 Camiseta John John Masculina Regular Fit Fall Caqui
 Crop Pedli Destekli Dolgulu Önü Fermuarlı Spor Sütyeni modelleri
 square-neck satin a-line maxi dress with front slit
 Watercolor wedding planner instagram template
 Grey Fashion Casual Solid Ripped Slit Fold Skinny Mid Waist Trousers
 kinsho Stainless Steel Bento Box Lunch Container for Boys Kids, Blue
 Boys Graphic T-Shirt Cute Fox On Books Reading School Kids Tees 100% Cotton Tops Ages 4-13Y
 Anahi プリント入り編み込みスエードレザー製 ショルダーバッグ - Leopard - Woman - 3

--

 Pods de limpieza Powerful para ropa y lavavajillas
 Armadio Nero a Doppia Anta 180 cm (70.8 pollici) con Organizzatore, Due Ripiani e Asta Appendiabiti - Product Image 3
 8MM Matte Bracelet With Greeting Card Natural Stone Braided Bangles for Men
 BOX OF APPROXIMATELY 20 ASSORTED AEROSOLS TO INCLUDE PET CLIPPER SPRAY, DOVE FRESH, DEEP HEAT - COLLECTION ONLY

__Exercise goal__. Could you please report how many lines of the listing above hold the word "Boys"? Only the number is needed.

__Written response__. 2